El trabajo de esta semana se ha centrado en la comunicación: La importancia del lenguaje en la comunicación interpersonal e intrapersonal. En los problemas que presentan las familas con sus adolescentes, la primera dificultad que me encuentro es la imposibildad que madres y padres manifiestan a la hora de comunicarse. En unos casos porque el adolescente de aisla y no quiere tener ningun tipo de conversación con sus progenitores, y en otros casos, el nivel de conflicto les lleva al enfrentamiento contínuo. Las dos situaciones terminan agotando a las familias y les produce un gran sentimiento de impotencia.

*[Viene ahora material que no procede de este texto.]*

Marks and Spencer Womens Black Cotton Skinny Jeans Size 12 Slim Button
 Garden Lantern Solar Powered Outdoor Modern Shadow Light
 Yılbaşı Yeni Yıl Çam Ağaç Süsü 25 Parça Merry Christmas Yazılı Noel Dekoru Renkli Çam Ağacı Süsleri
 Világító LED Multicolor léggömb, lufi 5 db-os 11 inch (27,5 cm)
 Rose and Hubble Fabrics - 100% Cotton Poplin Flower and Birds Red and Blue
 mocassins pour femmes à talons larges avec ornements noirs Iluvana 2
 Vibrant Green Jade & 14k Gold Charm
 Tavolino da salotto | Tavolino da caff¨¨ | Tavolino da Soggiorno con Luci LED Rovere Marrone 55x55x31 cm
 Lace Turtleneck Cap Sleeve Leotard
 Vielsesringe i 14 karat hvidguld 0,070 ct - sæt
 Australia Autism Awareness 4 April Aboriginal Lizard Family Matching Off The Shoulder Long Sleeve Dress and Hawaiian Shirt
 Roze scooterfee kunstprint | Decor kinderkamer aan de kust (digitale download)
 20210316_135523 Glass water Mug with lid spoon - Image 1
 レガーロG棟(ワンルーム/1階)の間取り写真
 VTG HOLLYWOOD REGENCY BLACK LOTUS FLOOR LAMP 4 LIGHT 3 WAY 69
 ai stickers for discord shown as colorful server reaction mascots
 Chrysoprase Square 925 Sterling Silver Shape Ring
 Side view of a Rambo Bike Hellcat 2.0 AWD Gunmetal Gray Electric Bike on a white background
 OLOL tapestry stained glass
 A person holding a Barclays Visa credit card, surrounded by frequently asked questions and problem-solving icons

Esta semana durante uno de los talleres psicoeducativos a padres y madres, Robert, un padre de dos estudiantes de ESO, manifestaba lo desorientado que se sentía.  Los dos motivos principales son: la imposibilidad de establecer una comunicación «normal» con su hijo, al que han presentado como «paciente designado», y la dificultad de comprender la conducta evitativa de su hija. Rober se define a sí mismo como un gran líder de equipos en su trabajo y también en las actividades de ocio, ya que ha sido entrenador de varios equipos durante toda su vida. Pero en casa se siente frustrado, impotente y cansado porque no encuentra la solución a los problemas que «sus hijos le están generando». La desesperación en la que se encuentra le ha llevado a cuestionarse y poner en duda su estilo educativo.

Alis, al igual que Rober, ya no sabe qué más hacer para que la situación cambie, por eso han pedido ayuda y orientación psicológica. La propuesta inicial es comprometerse a modificar la forma de comunicación verbal: gritos e insultos, y la no verbal: gestos, posturas y miradas. Tendrán que incorporar un nuevo lenguaje hasta ahora desconocido, expresiones como «lo siento», «me gustaría» en lugar «tienes que».  Además, y según dice Robert, «será lo que más le va a costar», se comprometen a aprender a «hablar de los sentimientos» que les produce las acciones de los demás, y también a poner el foco y reforzar las conductas apropiadas.

Todo un reto para las familias con adolescentes. Lo importante es que vayan comprobando los resultados una vez que comienzan a incorporar los cambios en la comunicación.